La Grande Scommessa – Recensione
Pubblicato il 7 Gennaio 2016 alle 23:45
Nel 2005, Michael Burry, eccentrico manager di un fondo speculativo, l’investitore Jared Vennett, il trader Mark Baum e il banchiere in pensione Ben Rickert scoprono che il mercato immobiliare è instabile e prevedono la crisi economica mondiale che esploderà tre anni dopo. Capiscono così di poter trarre profitto dalla situazione con la creazione del cosiddetto derivato di copertura e di poter scommettere contro il sistema bancario.
Prima di mettersi in luce con commedie demenziali interpretate puntualmente dall’amico Will Ferrell, il regista Adam McKay (co-sceneggiatore tra l’altro di Ant-Man e del prossimo sequel) ha collaborato alla trasmissione televisiva The Awful Truth – La Terribile Verità, una serie di documentari diretti e prodotti da Michael Moore. In effetti La Grande Scommessa richiama per stile, scelte di montaggio e per il graffiante tono sardonico i controversi film inchiesta di Moore, quali ad esempio Bowling a Columbine o Farenheit 9/11.

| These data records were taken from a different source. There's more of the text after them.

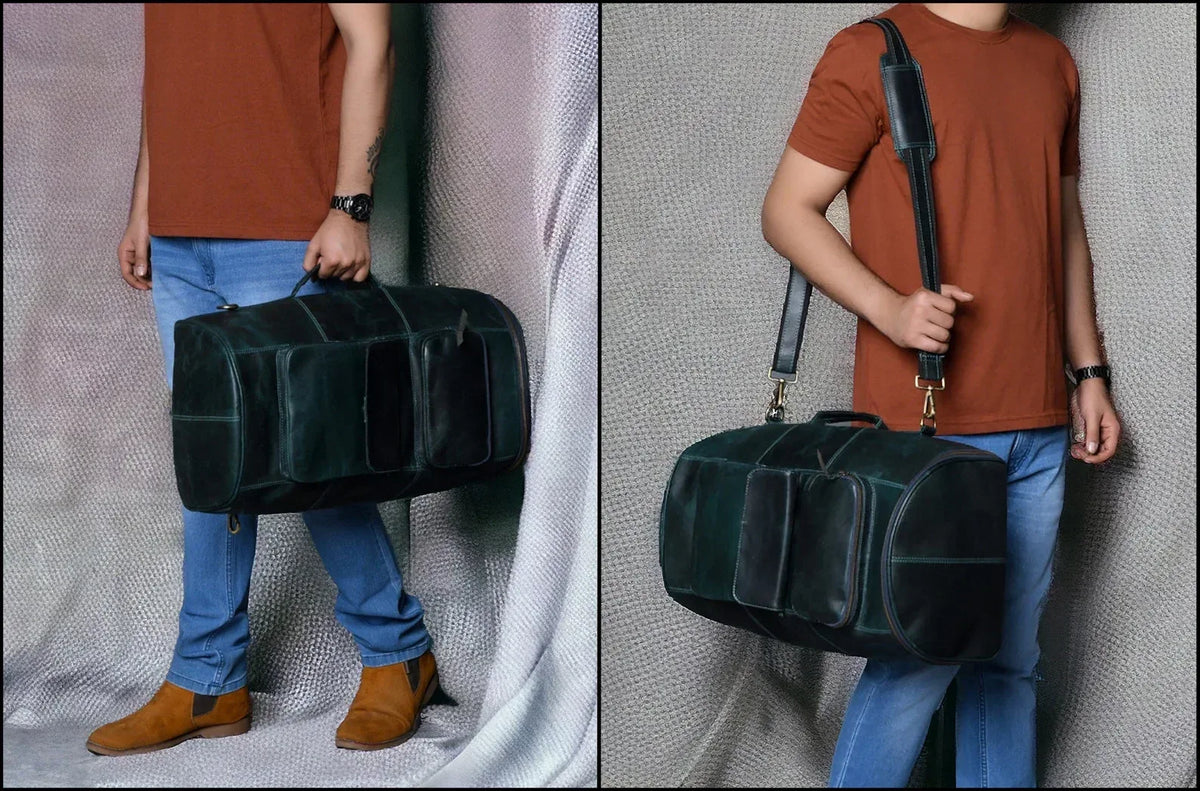 Convertible Leather Backpack Duffle Bag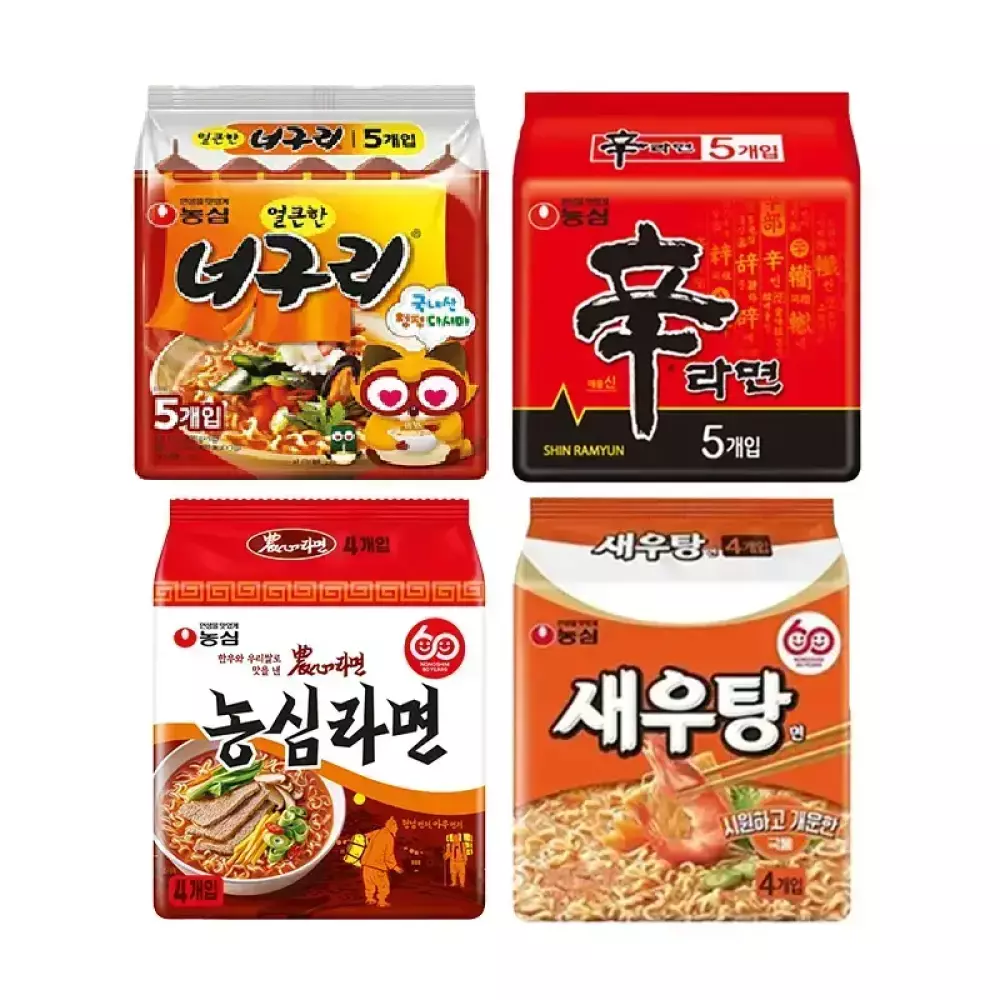 농심 농심라면124g, 4개 + 새우탕면122g, 4개 + 신라면120g 5개 + 너구리120g, 5개 28,500원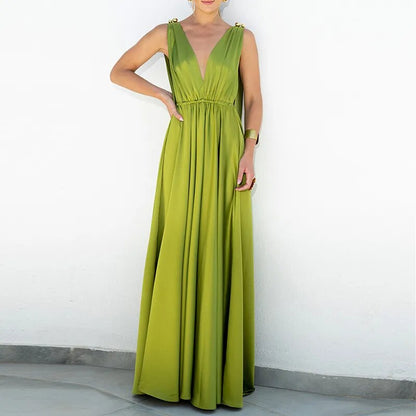 Polyester Maxi Party Dress | V-Neck, Backless, Sleeveless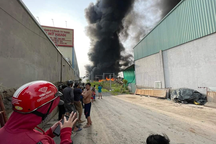 Cháy lớn tại xưởng chế biến mùn cưa, ván ép ở Đồng Nai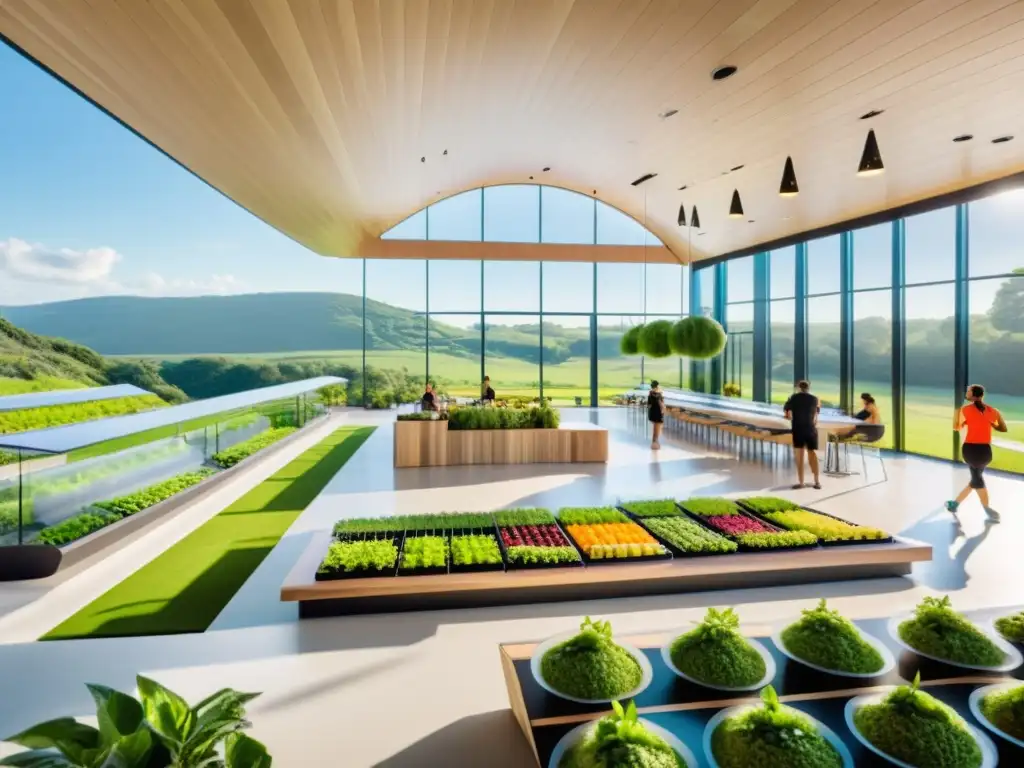 Instalación ecoamigable de nutrición deportiva en entorno natural Un centro de nutrición deportiva futurista y ecológico, rodeado de exuberante naturaleza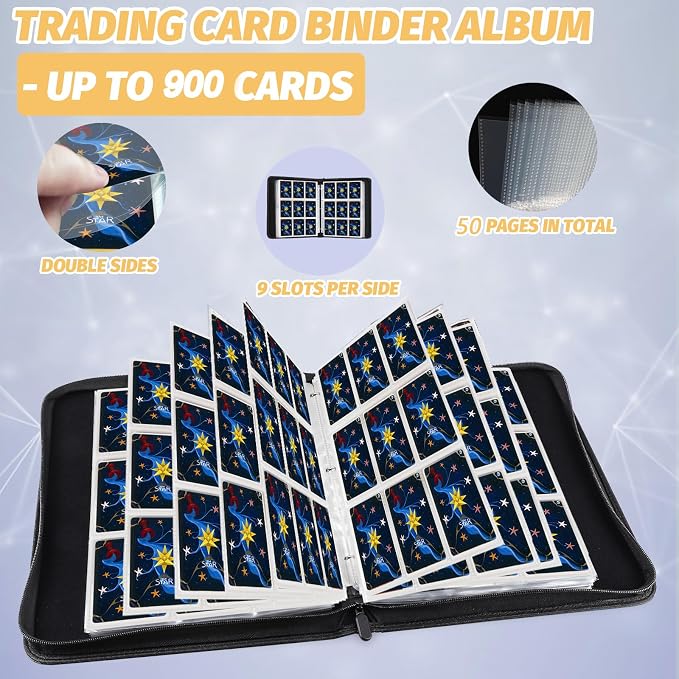 900 Pockets Round Ring Trading Card Binder, 9-Pocket Clear Zipper Card Album with Wrist Strap, Holds 900 Standard TCG & Sports Cards, Not Fit Top Loaders (Carbon Dark blue)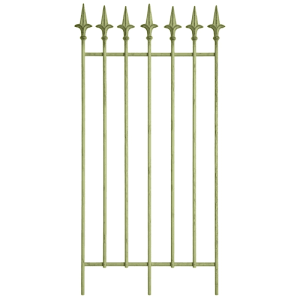 Antik-grünes Metall Rankgitter FREYA 100cm hoch für Kletterpflanzen. Dekorative Rankhilfe im Jugendstil für Garten & Balkon.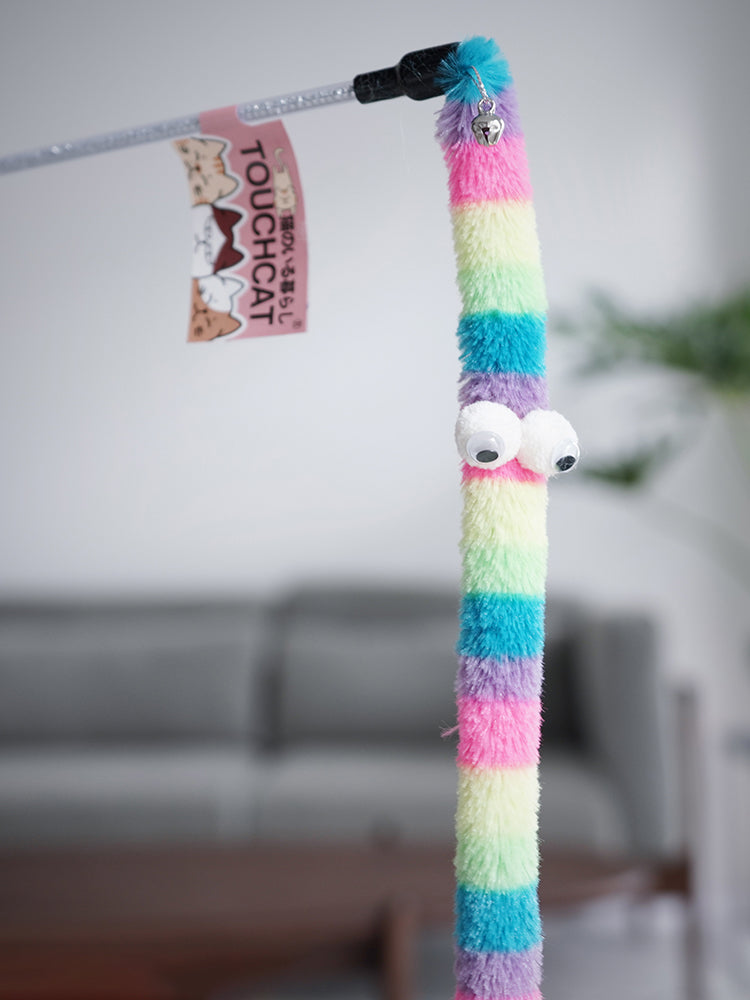 Cat Toy Feather Cat Teaser Wand Cat Interactive Toy Funny Caterpillar Colorful Rod Teaser Wand Pet Cat Supplies Cat Accessory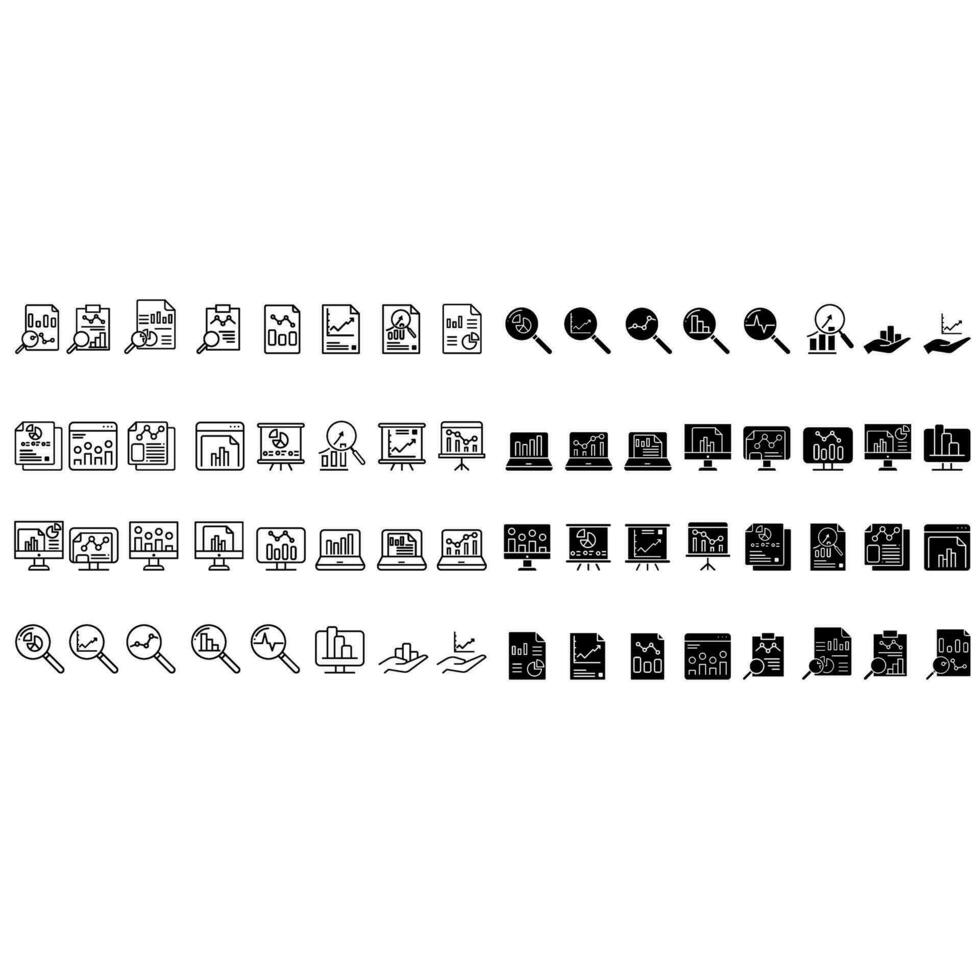 attività commerciale analitica icona vettore impostare. dati analisi illustrazione cartello collezione. dati scienza simbolo. profitto grafico logo.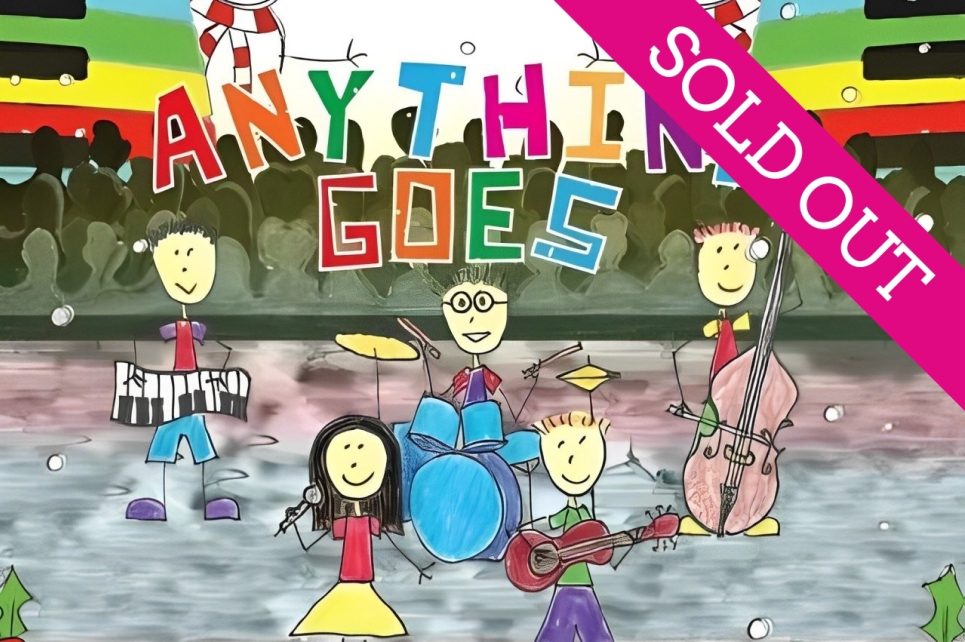 A children's drawing of the band Anything Goes performing on stage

Tratto dall’omonimo best-seller di Michael Lewis, La Grande Scommessa è un viaggio nel lato oscuro dell’alta finanza americana attraverso lo sguardo di quattro personaggi delineati da mastodontiche interpretazioni. Christian Bale è il manager che ha un occhio di vetro ma vede più lontano di tutti fiutando per primo il disastro economico che sta per arrivare.
Steve Carell è il trader che si pone scrupoli di coscienza, la sua componente emotiva è quella più empatica ed approfondita, sostenuta dal breve ma importante apporto di Marisa Tomei. Gli fa da contraltare Ryan Gosling in veste di squalo con una performance a tratti esilarante. Ridotta anche la presenza di Brad Pitt, già protagonista de L’arte di vincere, sempre da un libro di Lewis. Qui è un ex-banchiere e ambientalista new age che aiuta due giovani investitori rampanti mostrandogli però l’immoralità delle loro azioni.
Durante la promozione del film, McKay ha dichiarato che spiegare al pubblico come funziona il sistema economico è la più grande minaccia per i banchieri. Ha fatto quindi ricorso ad ogni espediente per cercare di somministrare passaggi nozionistici senza appesantire il film, ricorrendo, ad esempio, a celebrità quali Margot Robbie e Selena Gomez che sfondano la quarta parete spiegando al pubblico meccanismi complessi in maniera molto semplice.
I protagonisti puntano il dito contro la corruzione del sistema ma finiscono per lucrare su un disastro economico che manderà per strada tanta gente. La contraddizione è palese. In tal senso, la retorica finale del film è del tutto accettabile. Quattro nomination ai Golden Globes. Cast perfetto. Imperdibile.